Robert Bullard is Distinguished Professor of Urban Planning and Environmental Policy in the Barbara Jordan-Mickey Leland School of Public Affairs at Texas Southern University in Houston, Texas. He is often described as the father of environmental justice. Professor Bullard received his Ph.D. degree from Iowa State University. He is the author of seventeen books that address sustainable development, environmental racism, urban land use, industrial facility siting, community reinvestment, housing, transportation, climate justice, emergency response, smart growth, and regional equity. He has also published a number of works on environmental justice issues in communities of colour in the U.S. and globally.

His book, Dumping in Dixie: Race, Class and Environmental Quality (Westview Press, 2000), is a standard text in the environmental justice field. His most recent books include Just Sustainabilities: Development in an Unequal World (MIT Press, 2003), Highway Robbery: Transportation Racism and New Routes to Equity (South End Press, 2004), The Quest for Environmental Justice: Human Rights and the Politics of Pollution (Sierra Club Books, 2005), Growing Smarter: Achieving Livable Communities, Environmental Justice, and Regional Equity (MIT Press, 2007), and The Black Metropolis in the Twenty-First Century: Race, Power, and the Politics of Place (Rowman & Littlefield, 2007).

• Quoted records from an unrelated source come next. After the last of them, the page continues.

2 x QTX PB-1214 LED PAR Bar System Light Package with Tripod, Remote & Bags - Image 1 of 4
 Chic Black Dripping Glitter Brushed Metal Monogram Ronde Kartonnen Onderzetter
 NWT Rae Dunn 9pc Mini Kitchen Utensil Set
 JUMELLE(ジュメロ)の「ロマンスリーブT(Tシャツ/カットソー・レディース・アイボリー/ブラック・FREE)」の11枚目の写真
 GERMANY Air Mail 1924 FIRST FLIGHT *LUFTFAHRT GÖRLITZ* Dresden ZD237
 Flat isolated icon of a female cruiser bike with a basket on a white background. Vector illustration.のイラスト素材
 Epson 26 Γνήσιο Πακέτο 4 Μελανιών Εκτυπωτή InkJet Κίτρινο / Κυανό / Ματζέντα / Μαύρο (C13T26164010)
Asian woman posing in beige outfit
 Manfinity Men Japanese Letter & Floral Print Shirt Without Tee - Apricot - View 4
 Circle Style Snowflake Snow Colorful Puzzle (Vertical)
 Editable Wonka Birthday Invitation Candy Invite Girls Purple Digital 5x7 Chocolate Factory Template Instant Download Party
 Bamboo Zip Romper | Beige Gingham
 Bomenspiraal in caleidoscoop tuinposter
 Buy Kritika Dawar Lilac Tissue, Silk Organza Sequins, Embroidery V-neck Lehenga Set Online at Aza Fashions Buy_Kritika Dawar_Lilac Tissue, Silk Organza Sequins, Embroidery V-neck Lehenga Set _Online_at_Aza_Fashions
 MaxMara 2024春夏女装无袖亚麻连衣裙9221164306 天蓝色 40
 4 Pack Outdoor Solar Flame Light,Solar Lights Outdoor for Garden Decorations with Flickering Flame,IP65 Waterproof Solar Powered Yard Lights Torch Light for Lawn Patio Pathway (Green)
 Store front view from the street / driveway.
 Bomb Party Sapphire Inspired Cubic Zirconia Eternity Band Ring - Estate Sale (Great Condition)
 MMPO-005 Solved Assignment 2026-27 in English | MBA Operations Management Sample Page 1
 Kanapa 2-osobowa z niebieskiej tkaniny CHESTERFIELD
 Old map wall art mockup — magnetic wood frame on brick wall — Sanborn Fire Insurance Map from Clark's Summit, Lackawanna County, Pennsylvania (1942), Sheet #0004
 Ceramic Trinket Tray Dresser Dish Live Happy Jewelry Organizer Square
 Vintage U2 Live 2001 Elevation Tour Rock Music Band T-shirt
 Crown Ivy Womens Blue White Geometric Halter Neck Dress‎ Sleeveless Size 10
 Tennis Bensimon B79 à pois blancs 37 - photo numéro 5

Maxine Burkett, joined the William S. Richardson School of Law in 2009. She teaches Climate Change Law and Policy, Torts, Ocean and Coastal Law, and International Environmental Law.  She has written extensively in diverse areas of climate law with a particular focus on climate justice, exploring the disparate impact of climate change on vulnerable communities in the United States and globally. Professor Burkett has presented her research on the law and policy of climate change throughout the United States and in West Africa, Asia, Europe, and the Caribbean. Her work has been cited in numerous news and policy outlets, including BBC Radio, the ABA Journal, the New York Times, and Nature Climate Change.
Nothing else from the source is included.